Image via CrunchBase
I picked up my first iPad a couple of days ago. Even though I felt I knew what it was, what it could do, and how it was different from a regular Apple computer, I still needed to learn a few things.
For instance . . . when you first turn it on, you need to connect it to iTunes, just like you do with any type of Apple mobile or multimedia device, such as the iPhone and various iPods. I was thinking it would just turn on and start up. However, when you first turn it on, there is an image showing to connect it to iTunes, so that first step was pretty easy. And remember, you will NOT need an Apple computer to do this–any computer with iTunes installed on it will set up your new iPad for you. You can register it and of course, name it. On to more interesting stuff . . .
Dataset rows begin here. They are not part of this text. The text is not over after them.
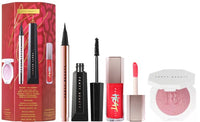 FENTY Beauty Ready to Fenty Set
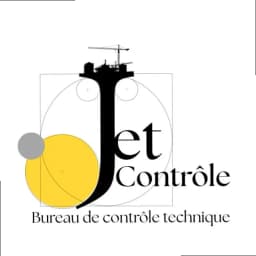 Jet contrôle 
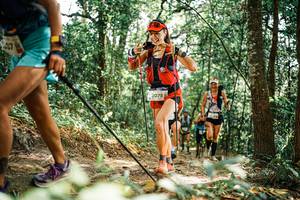 BIB: 
                            <button type="button" onclick="openModal(25545384)" class="btn btn-primary btn-sm float-right btn-popup" data-toggle="modal" data-target=".modal-high-quality">
                        <i class="fas fa-shopping-cart"></i> Add to Cart
                    </button>
                                            <button type="button" onclick="isThisMe(25545384, true)" class="btn btn-success btn-sm float-right btn-popup btn-isme hidden" data-toggle="tooltip" data-placement="bottom" title="นี่คือรูปของคุณใช่ไหม คลิกที่นี่เพื่อเอาเข้าอัลบั้ม">
                        <i class="fas fa-plus"></i> Add to album
                    </button>
                    <button type="button" onclick="isThisMe(25545384, false)" class="btn btn-warning btn-sm float-right btn-popup btn-isnotme hidden">
                        <i class="fas fa-ban"></i> Remove from album
                    </button>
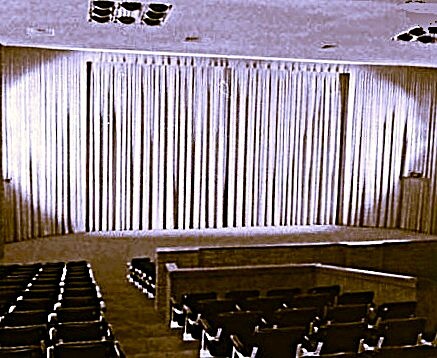 Port Cineaste 86 Adelaide Street, Fremantle, WA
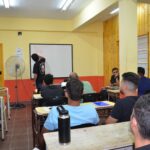 posadas:-la-oficina-de-empleo-municipal-sigue-ampliando-su-oferta-de-cursos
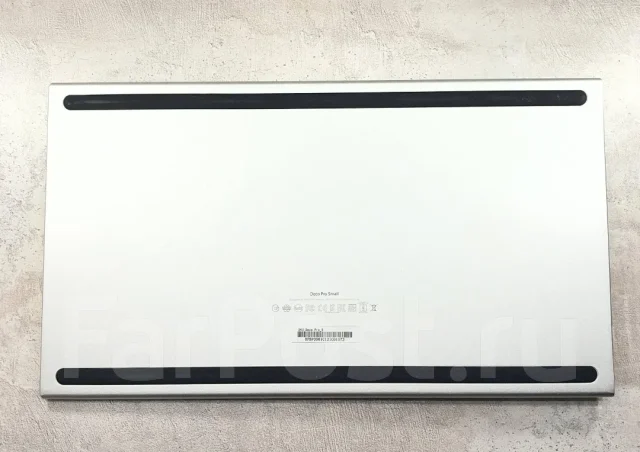 Samsung Galaxy Tab Pro S ����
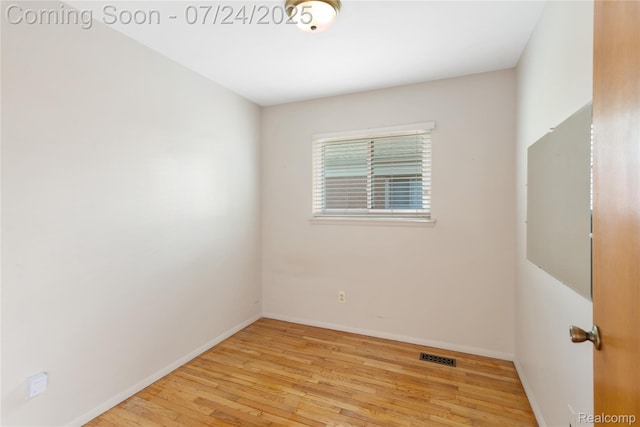 5836 Norborne Ave, Dearborn Heights, MI 48127 - photo 13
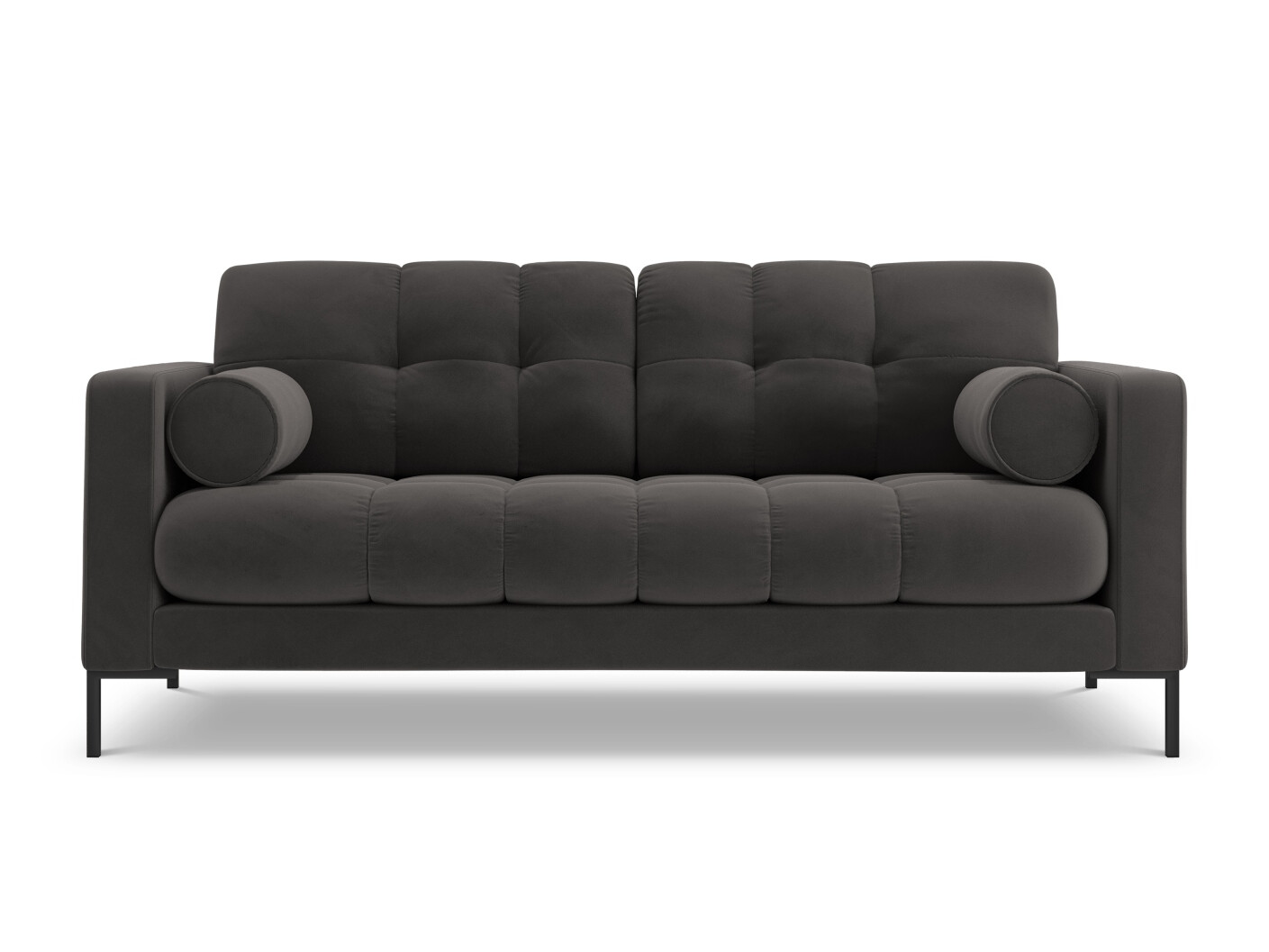 Sofa Calelbe 108 (Bluvel 18)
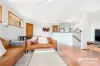 3 Victor Parade, Shoal Bay, NSW 2315-Image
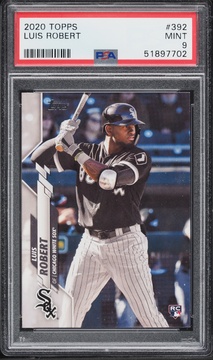 Fanatics Collect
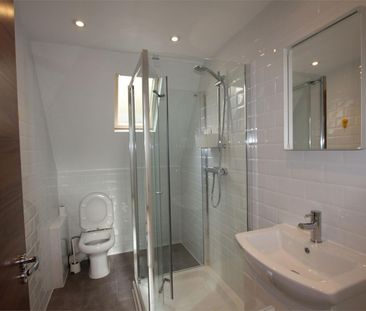Brent Street, NW4 4DH, Hendon - Photo 3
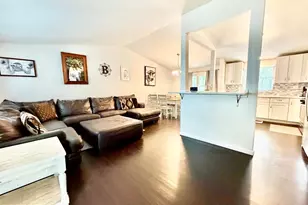 727 Moonraker Ct, Galloway, NJ 08205 - Photo 3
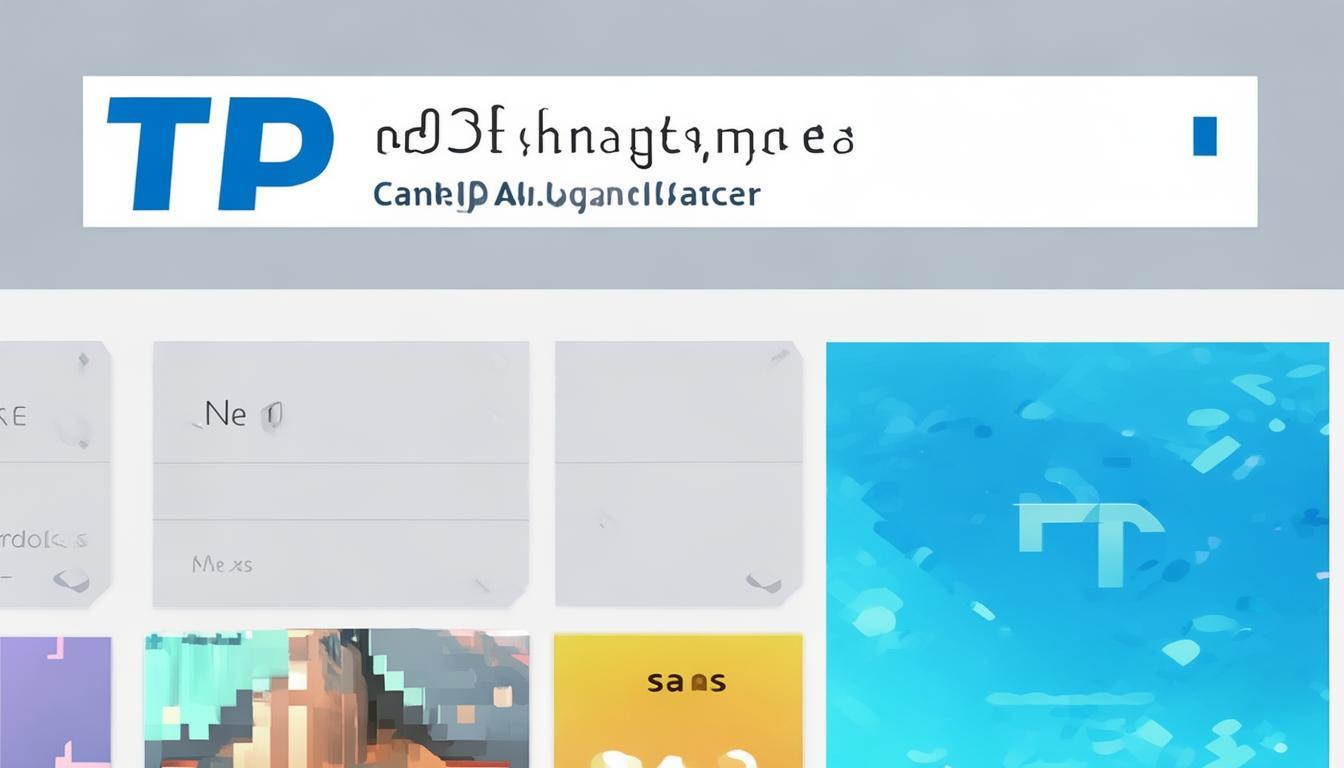 TP官方下载应用超棒！技术迭代与用户服务出色，商店升级更便捷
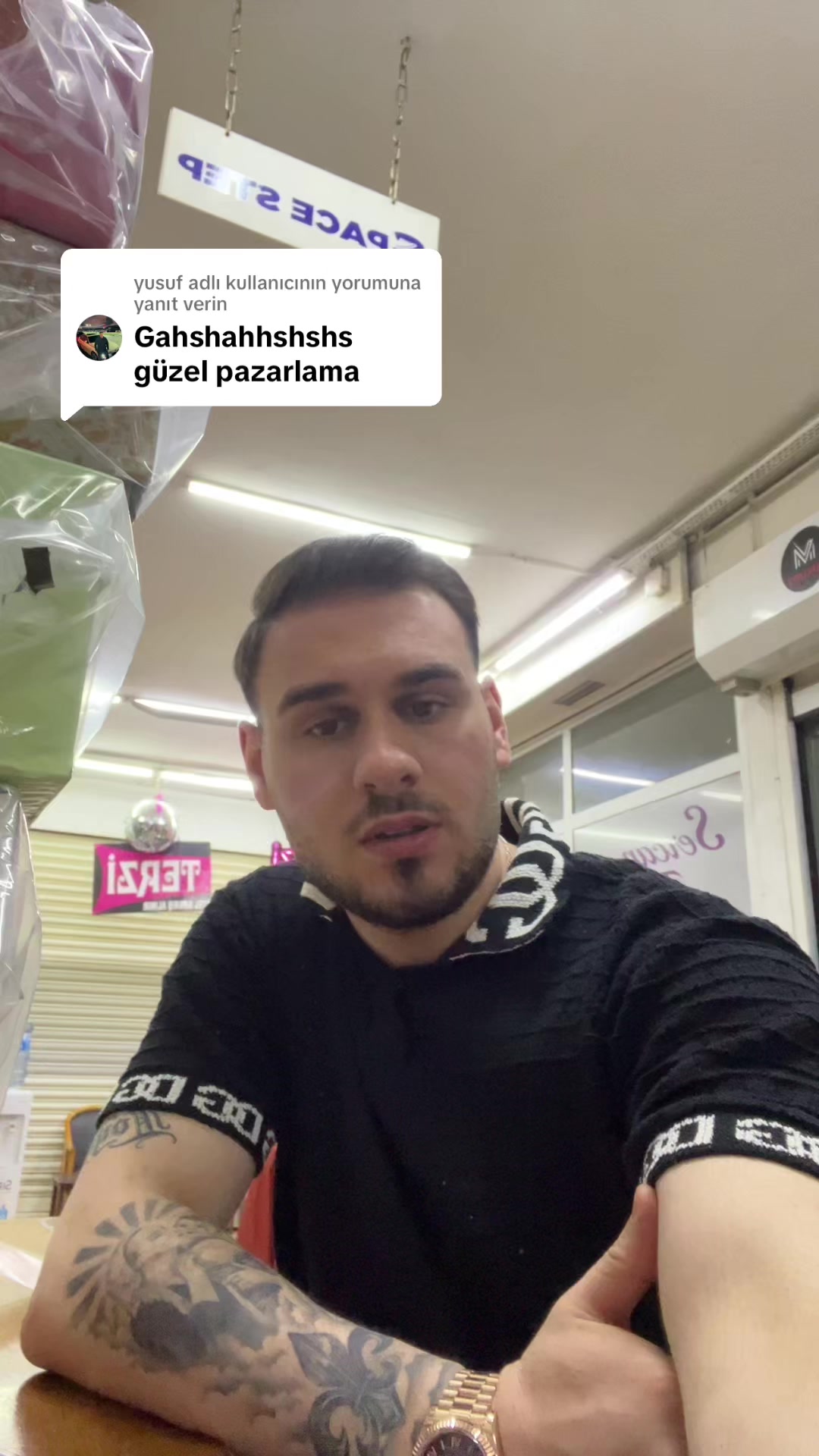 @spacestepshop1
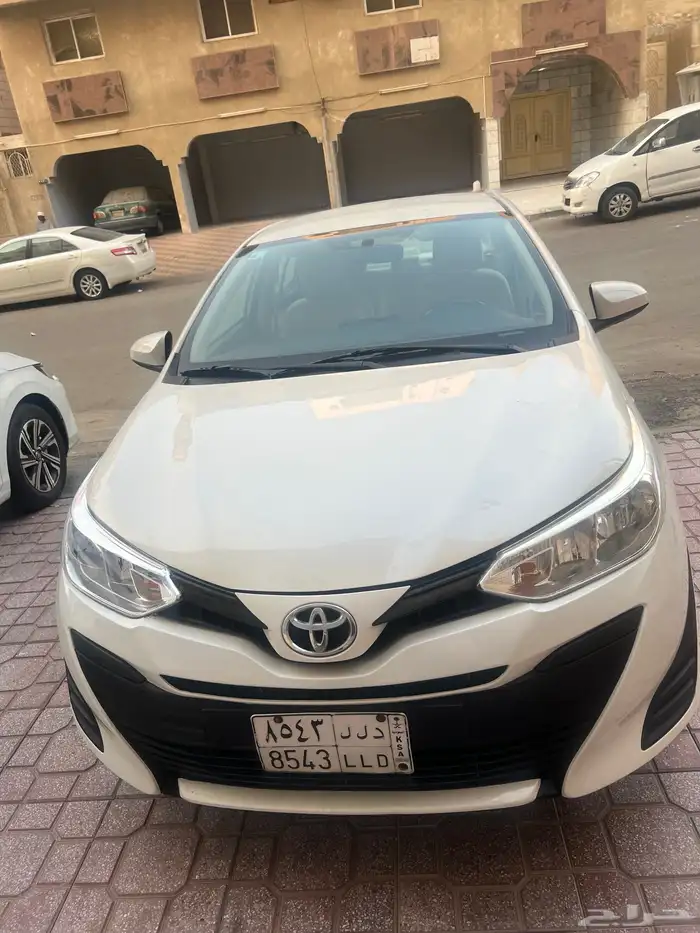 يارس 2020 2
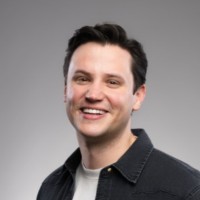 Bryce Strauss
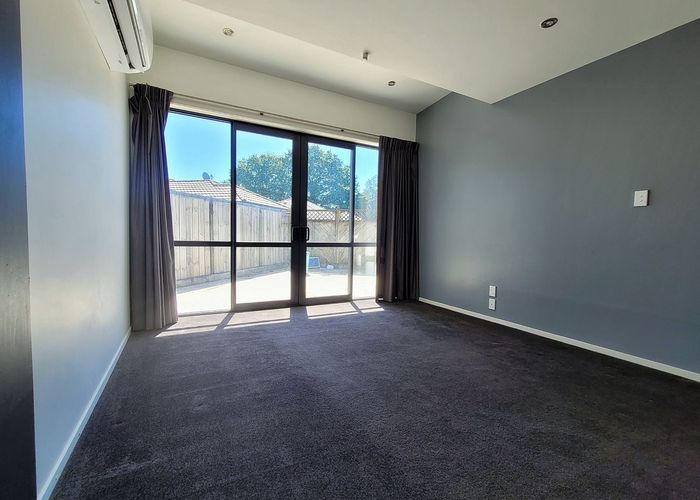  at 1/189 Massey Street, Frankton, Hamilton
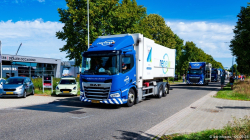 20260906-Truckrun-Weert-Teil-02-00511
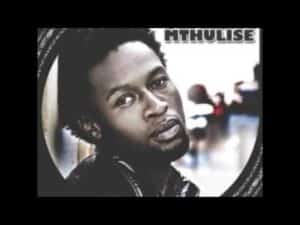 AUDIO Malik Ft. Ringo - Mthulise MP3 DOWNLOAD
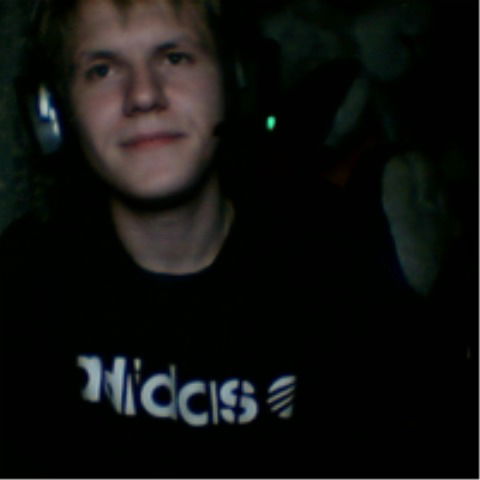 Данила Осипов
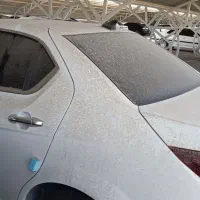 دنا پلاس۵ دنده ۱۴۰۳
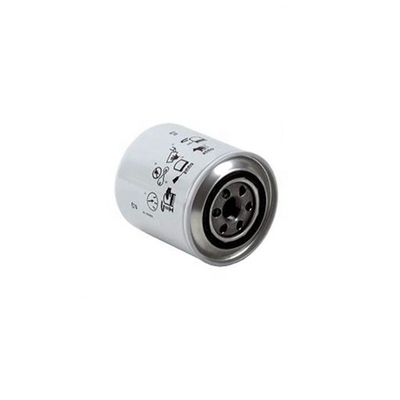 Запчасти для двигателей экскаваторов Hydwell Supply Lubricant Oil Filter WL10346 с SO11140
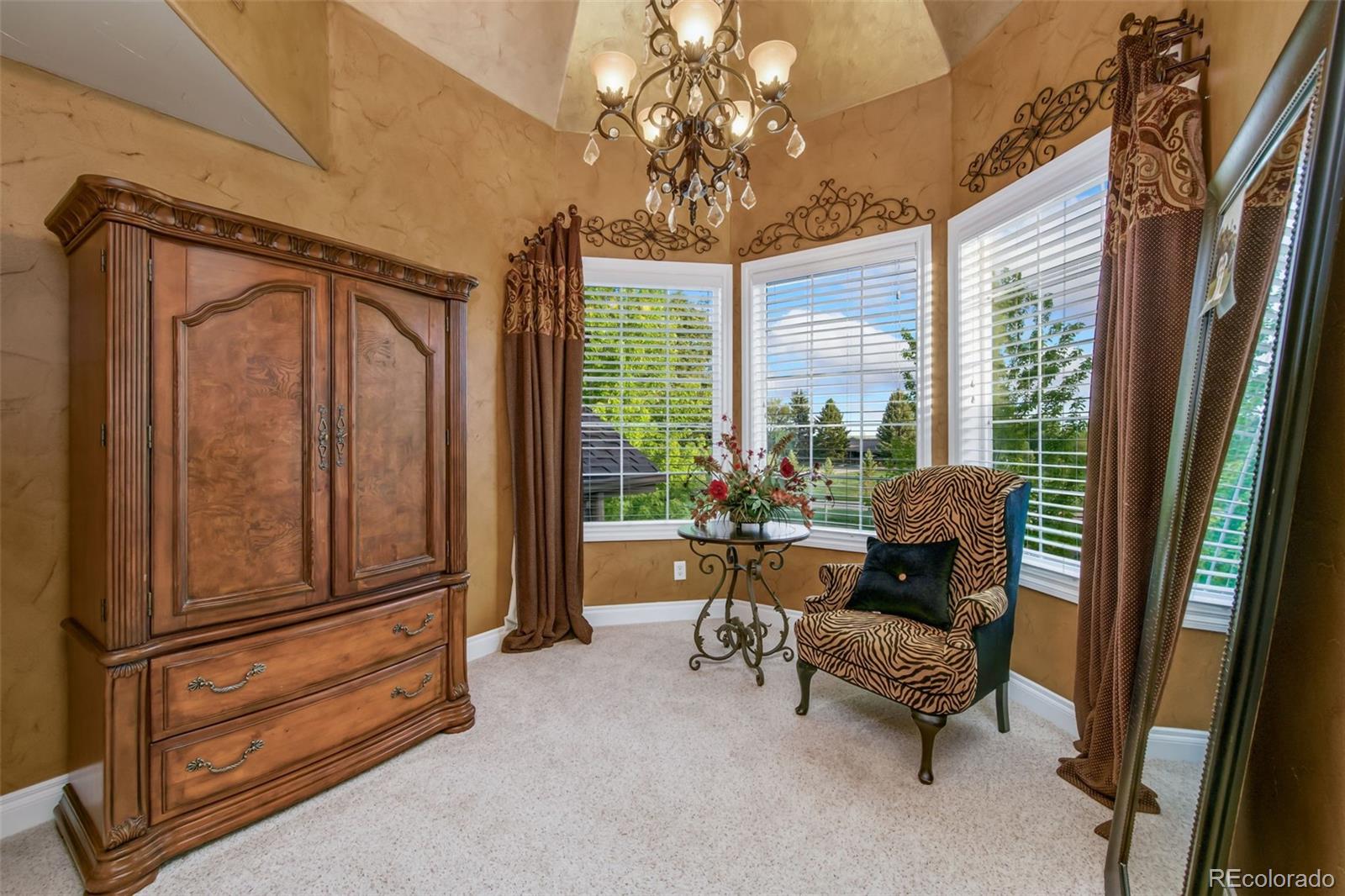 MLS Image #20 for 10045 n 75th street,longmont, Colorado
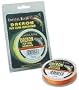 Crystal River Dacron Fly Line (Chartreuse)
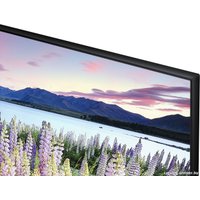 Телевизор Samsung UE32J5530AU
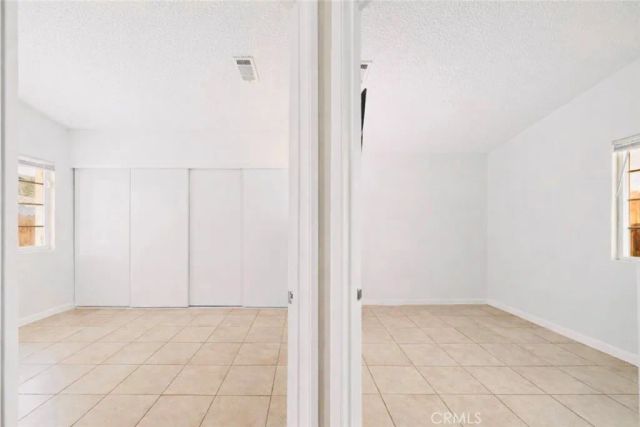 23685 Cold, Moreno Valley, CA 92557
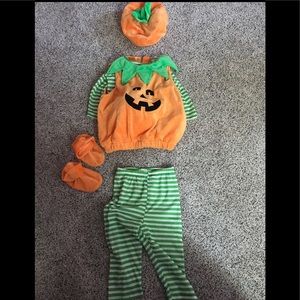 🎃Halloween Outfit🎃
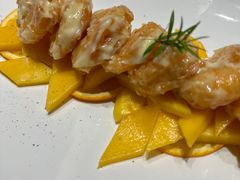 -味钱塘·钱塘浙宴(宋城之江银泰店)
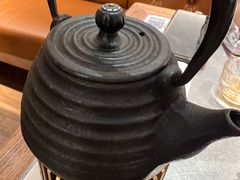 -潮界(凯德晶萃店)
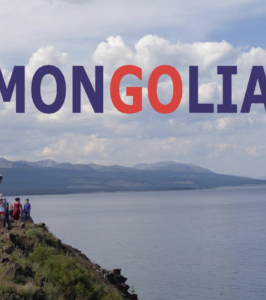 VIAJE ESPECIAL EN GRUPO A LOS NÓMADAS DE LOS RENOS Y CHAMANES DE MONGOLIA CON DOS VUELOS INCLUIDOS Y MONGOLIA CENTRAL CON SAMAR MAGIC TOURS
What did I do first? I checked out the App store, trying to find stuff to download. When you browse the App store, iPad applications show up at the top, separate from iPhone apps. It took me a couple of mistakes (downloading an iPhone app for instance) before I figured this out. I installed the free eBook app and looked a the free book installed (Winnie the Pooh.) Wow–the images are crystal-clear and beautiful. I could imagine children really enjoying reading a book in this format. Teachers could easily hook the book up to a projector and read it along with the children. The eBook program automatically remembers where you stopped reading, so the next time you open it, it’s right where you left off.
Next, I browsed the Internet, checking out how some of my favorite websites show up, such as the Cool Teachers (http://coolteachers.org) and my blog (http://itcboisestate.wordpress.com). So far, so good. The quality of the images is stunning and the ease of using the touch screen makes this device very user-friendly. I even found I could type pretty well using the built-in keyboard, especially when the device is turned horizontally.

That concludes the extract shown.